Calculus II: Arithmetic series

1. Arithmetic series

An arithmetic series is a series in which each term is equal to the sum of its previous term and a fixed common difference.

That is a series of the form:

Σ an =	a1 + a2 + ... + an + ...
n → ∞

where:
a₂ = r + a₁
a₃ = r + a₂ = 2r + a₁
a₄ = 3r + a₁
... = ...
a_n = (n - 1)r + a₁

The sum of the first terms is:
s_n = a₁ + a₂ + ... + a_n
= a₁ + r + a₁ + 2r + a₁ + ... + (n - 1)r + a₁
= n a₁ + r (1 + 2 + 3 + ... + n-1)

Let's write:
z = 1 + 2 + 3 + ... + n-2 + n-1
so
z = n-1 + (n -2 ) + ( n - 3) + ... + 2 + 1
adding the two equations gives:
2 z = n ( n - 1)
so
z = n(n-1)/2

Using this result for the arithmetic series above, we find:

s_n = n a₁ + r n(n - 1)/2
We have:
a_n = (n - 1)r + a₁
so
s_n = n a₁ + r n(n - 1)/2 = (n/2)[ 2a₁ + r (n - 1)] =
(n/2)[ a₁ + a₁ + r (n - 1)] =
(n/2)[ a₁ + a_n]

a_n = (n - 1)r + a₁

s_n = n a₁ + r n(n - 1)/2 =
(n/2)[ a₁ + a_n]

To determine whether a series is geometric, we evaluate the difference a_n+1 - a_n. If this ratio is constant, the series is arithmetic.

lim s_n = + ∞. The series is divergent.
n → + ∞

2. Example

The sequence {a_n} = {1, 4, 7, 10, ...} has the general term a_n = 3(n - 1) + 1

The sequence is arithmetic.
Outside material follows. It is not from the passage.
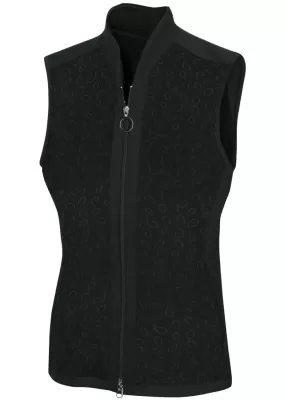 Greg Norman Teardrop Vest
Indeed:

a_{n + 1} - a_n = 3n + 1 - 3(n - 1) - 1 = 3 .
This difference is constant.

The common difference equal to 3, and the first tern a₁ is 1. We can verify then that the general term is:
a_n = 3(n - 1) + 1

The related series has the general term:
s_n = n a₁ + r n(n - 1)/2 = (n/2)[ a₁ + a_n] =
n .1 + 3 n(n - 1)/2 = n(3n - 1)/2